One might think that this or that product tastes different because the recipes in which it is included are, de facto, different: it is not the same to add commercial crushed tomato to an Italian stir-fry (onion, celery and carrot) to the base of a Spanish sofrito, so the result it offers will be different. Issues such as ambient temperature and humidity, the novel context in which that particular product is tested, among others, could even be assessed.

However, there are products that really change their recipe between countries. It is enough to compare the list of ingredients of both mayonnaises, in this case, from the hundred-year-old Dutch brand Calvé (today the Unilever group):

–In Spanish mayonnaise: Water, sunflower oil (40%), white wine vinegar (5.6%), egg yolk (3.2%), modified starch, wheat starch, sugar, salt, mineral salt potassium, concentrated lemon juice, thickener (guar gum), aromas.

–In Italian mayonnaise: 70% vegetable oil (sunflower and soy), water, white wine vinegar, 5% pasteurized egg yolk, salt, modified starch, emulsifier (xanthan gum), concentrated lemon juice, aromas.

As can be seen, the percentages of vegetable oil and egg yolk vary considerably, which affects the organoleptic perception of the recipe. Giuseppe La Porta, sommelier at Bodega Solera, which will open next June, detects big differences in this and other brands of mayonnaise. “Compared to commercial Italian mayonnaises, Spanish mayonnaises have nothing to do with it. They look like a completely different product, even though they are from the same brand. For example, they all have an important difference at first glance: while the Italian ones have an intense yellow color, the Spanish ones have a rather pale appearance. As far as flavor is concerned, the Italian ones have a much more citric component, something that helps to soften the fatty texture of the mayonnaise a bit, and that does not happen in the Spanish ones, which are more cloying”.

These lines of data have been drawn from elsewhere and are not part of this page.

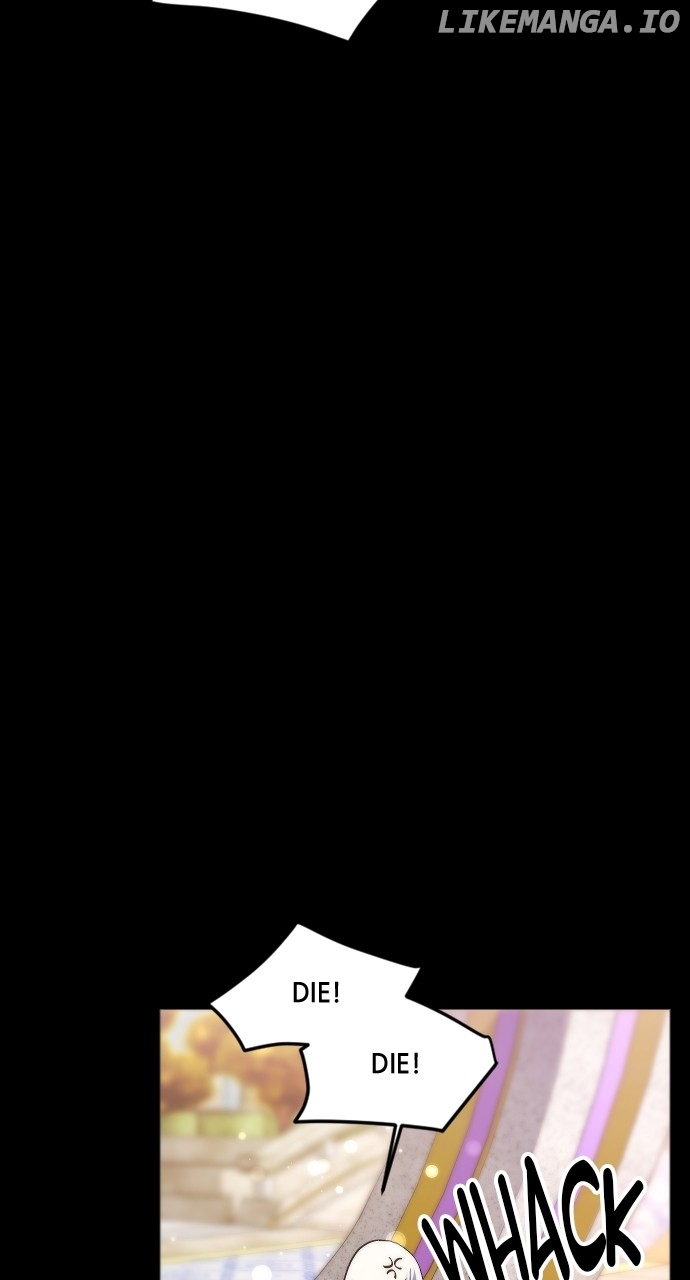 The Last Golden Child Chapter 126 - page 83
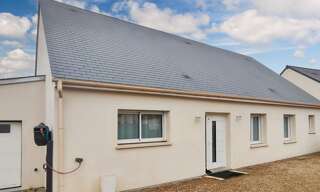 Maison 5 Pièces 117 m² à vendre à Chécy (45430)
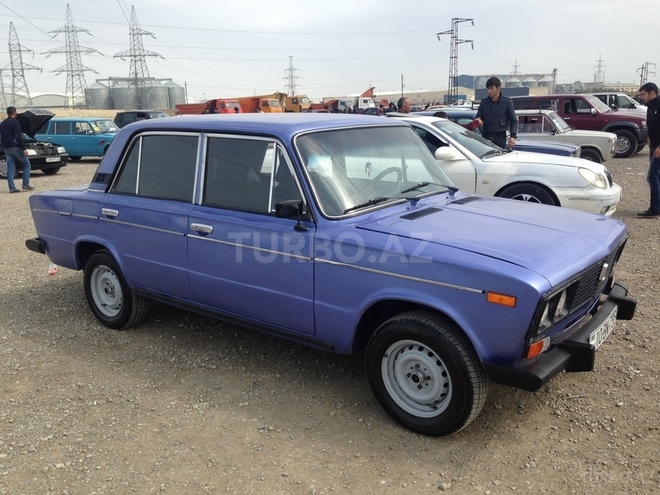 LADA (VAZ) 2106 2003, 150,000 km - 1.6 l - Bakı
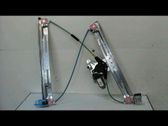 Fensterheber elektrisch mit Motor Tür vorne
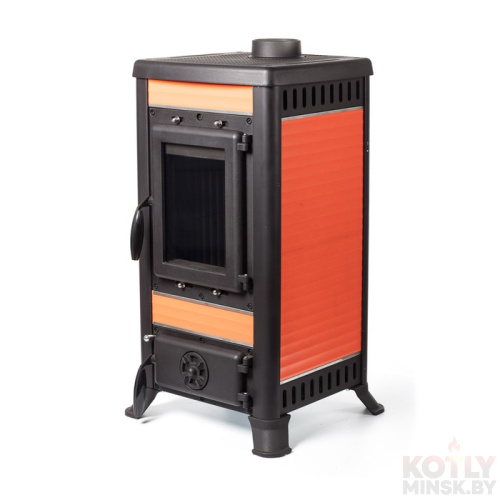 Печь-камин Fireway Klemens фото 3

For Mario Sánchez, a food technologist and popularizer, this can happen with any product that has a massive reach throughout the world. “Variations in the recipe of a product from the same brand are due to different factors. On the one hand, there are the possible cultural gastronomic preferences of each country in relation to that recipe. Perhaps in one place the predominance of fat, salt or sugar is prioritized, and in other places it is not. Markets are variable because gastronomic cultures also vary and manufacturing companies have the right data under their belt to target exactly that particular audience.

On the other hand, explains Sánchez, logistical issues also come into play. “Depending on the country, both the ingredients and the product itself may be manufactured by different operators. This can also happen within the same country, and it happens especially in the case of private brands, which many manufacturers produce for supermarkets. It is very probable that a potato omelette from the same white brand has a different flavor in Barcelona than in Santiago de Compostela. The reason: they are two different manufacturers. In addition, the growing concern for sustainability causes companies to source ingredients or products from nearby manufacturers, with which the recipe of a certain product can undergo different variations.

Without a doubt, as the writer and professor of Psychology, Charles Spencer, stated in Gastrophysics (Paidós, 2017), "we all live in very different taste worlds." This is the case both for genetic reasons (this phobia of coriander is explained precisely by this) and for the fact that taste is a sense affected by all the others, be it sight, touch, hearing and, of course, hearing. smell. And, also, because on many occasions the mayonnaise that we eat in Europe is the same and it is not the same.